L’extension des mécanismes de marché à l’ensemble de la vie sociale et la réaction protectionniste de
la société, conduisant aux excès fascistes et totalitaires, sont selon lui à l’origine de la « Grande
Transformation » des années 1929-1945. Mais on peut également se demander comment le libéralisme
en général, et plus particulièrement le capitalisme, est lui-même progressivement apparu. C’est en
particulier ce que fait WEBER dans L’Ethique protestante et l’esprit du capitalisme de 1904-1905 ce
dernier considère ainsi que le capitalisme est liée à certaines conceptions du monde et à certaines
valeurs (« l’esprit de travail »), elles-mêmes très attachées à l’éthique protestante, mais aussi surtout
au long processus de rationalisation qui marque la société. Il résulterait par conséquent avant tout
d’une modification du rapport entre l’homme et le travail qui passerait d’un statut de labeur nécessaire
à la survie à celui de devoir envers l’homme (la division du travail permettant ainsi à chacun de
travailler pour tous les autres), voire envers Dieu (le travail pouvant permettre de gagner son salut). Le
capitalisme ne serait donc pas dans cette optique la simple conséquence des évolutions marchandes et
industrielles, mais bien plutôt celle des transformations profondes de la société qui à leur tour agiraient
sur l’économie. La création d’un marché du travail trouve peut-être ainsi une explication, tant en
termes de rationalité économique (en rendant plus visible et plus disponible l’offre de travail
notamment, donc rationalité en finalité) que d’un point de vue sociologique et culturel, puisque ce
souci rationnel répond aussi à des valeurs nouvelles, faisant du travail le cœur de la vie humaine, qu’il
faut satisfaire au mieux (rationalité en valeur). La crise sociale qui accompagne le développement des
mécanismes de marché est peut-être liée de ce fait au temps nécessaire pour faire correspondre les
évolutions parallèles de la société et de l’économie, et non plus à celui requis pour que la sphère
sociale s’adapte à une sphère économique dont le capitalisme aurait fait le moteur de la première.

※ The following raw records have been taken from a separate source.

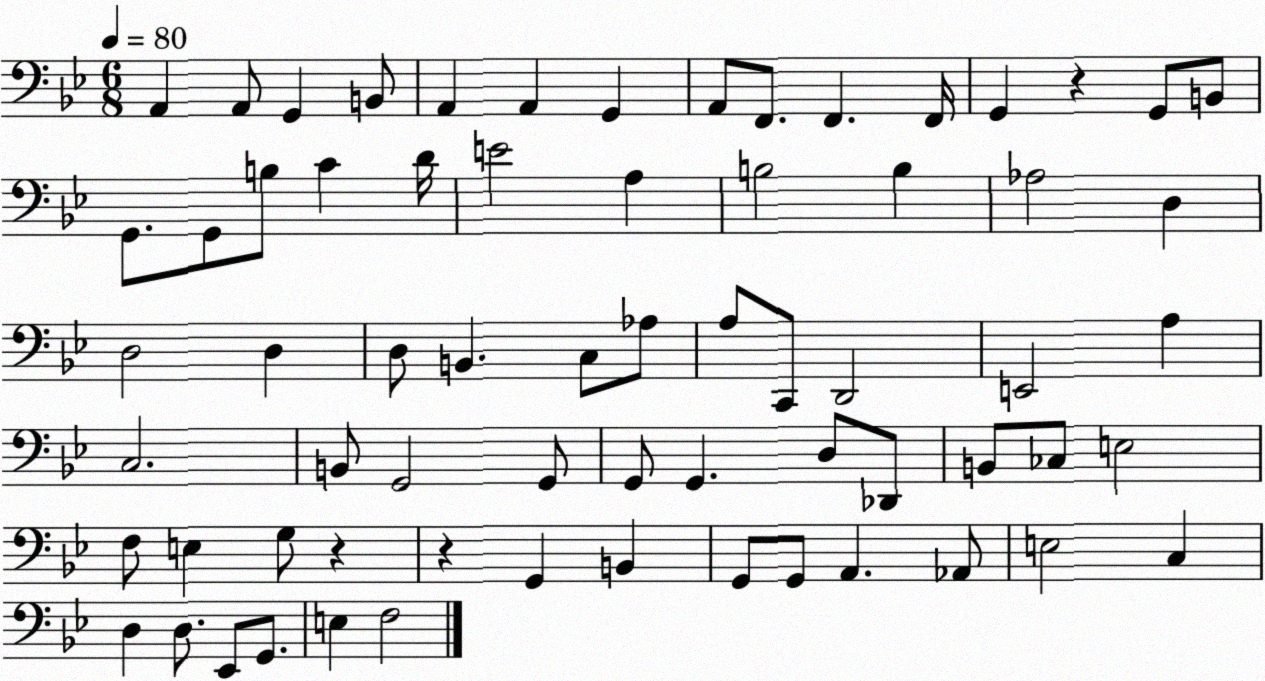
X:1
T:Untitled
M:6/8
L:1/4
K:Bb
A,, A,,/2 G,, B,,/2 A,, A,, G,, A,,/2 F,,/2 F,, F,,/4 G,, z G,,/2 B,,/2 G,,/2 G,,/2 B,/2 C D/4 E2 A, B,2 B, _A,2 D, D,2 D, D,/2 B,, C,/2 _A,/2 A,/2 C,,/2 D,,2 E,,2 A, C,2 B,,/2 G,,2 G,,/2 G,,/2 G,, D,/2 _D,,/2 B,,/2 _C,/2 E,2 F,/2 E, G,/2 z z G,, B,, G,,/2 G,,/2 A,, _A,,/2 E,2 C, D, D,/2 _E,,/2 G,,/2 E, F,2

On peut aussi considérer à travers deux autres processus sociaux, l’individuation et l’égalisation,
que l’intérêt individuel a tendu à prendre une place de plus en plus importante au sein des sociétés. Si
Polanyi, et surtout Marcel MAUSS, en particulier dès 1923-1924 avec son Essai sur le don, affirment
ainsi que l’échange dans les sociétés primitives est fondé sur l’obligation de faire des cadeaux et d’en
accepter (les 3 obligations selon Mauss : « donner, recevoir, rendre »), celui-ci se modifie
profondément avec l’individuation, puisqu’elle substitue progressivement l’intérêt individuel à
l’intérêt collectif (MAUSS voyant dans le don le fondement de la « socialité »). Robert BOYER en
particulier montre qu’alors le marché est une forme d’institution nécessaire pour coordonner et rendre
au mieux compatible les choix individuels, fondés sur des intérêts personnels, d’agents rationnels
considérés comme égaux dans la théorie (y compris dans les théories économiques classiques, puisque
tous, consommateurs comme producteurs, répondent au modèle de concurrence pure et parfait et à
l’atomicité des biens qui y est liée), bien qu’ils ne le soient pas dans les faits. Le marché ne serait donc
pas cette création artificielle prétendant pouvoir réguler l’ensemble de la société comme le pense
Polanyi, mais au contraire la conséquence logique des évolutions séculaires de cette même société.
Robert BOYER ajoute surtout que cette forme institutionnelle n’est pas la seule présente dans
l’économie face à un Etat qui tenterait d’en limiter les effets, comme semblent l’indiquer les réflexions
de Polanyi. Il relève au contraire six modèles principaux d’arrangements institutionnels (marché,
hiérarchie privée, communauté, réseau, associations, Etat) dont les associations variées et
complémentaires caractérisent et différencient chaque économie. La remise en cause du libéralisme
économique dans l’entre-deux-guerres est donc peut-être moins liée à la trop forte prégnance du
marché qu’aux disfonctionnements des autres formes d’institutions ou de leurs associations.